Artcicle two. Arthritis Research UK gardening week
Niki Preston looks at garden design
Give some thought to the lay out and design of your garden. There is no point having a huge lawn and deep borders if you have limited mobility, after all who is going mow the lawn and weed the beds. Raised bed gardening is definitely worth a try. I have a totally raised garden.
It wasn’t achieved over night, in fact it has taken three years and it was done in stages. I still have my big borders they just have raised beds in now; most of them were made from decking by my very handy husband, James. If a complete garden makeover is simply out of the question then here are a few ideas that might be worth a try.
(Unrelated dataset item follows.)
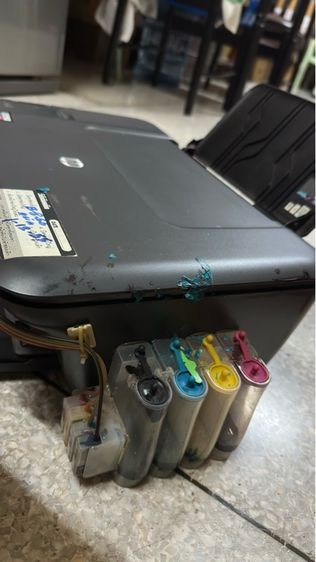 เครื่องปริ้นเตอร์เสีย HP Deskjet 2050 All-in-One รูปที่ 4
Have a good look around your garden and decide which parts you really would like to garden in more easily. Placing stepping stones in strategic places can provide a good solid surface to stand on. This year we are planning some new pathways across the lawn as I can no longer walk on uneven surfaces and I finally managed to convince James to give up some of the lawn. So consider a few pathways to get you to the bits of garden that are impossible or too precarious to get to.
I have also recently added several raised beds and pots to the patio because on really bad days when I can hardly walk at all, my garden still calls to me so making the patio accessible has been brilliant. I can get my garden fix even on very painful days, sitting and whizzing about the patio on my chair to the different beds, pots and even the raised pond.
Having several different seating areas is also a good idea, nothing fancy just a seat. That way you can garden to the seat then take a break, sit where you are instead of having to walk back to the house, then garden a bit more to the next seat. It is also a great way to admire your garden from every angle.
A little bit at a time and you will soon have an accessible garden, start with a few pots and the garden is your oyster.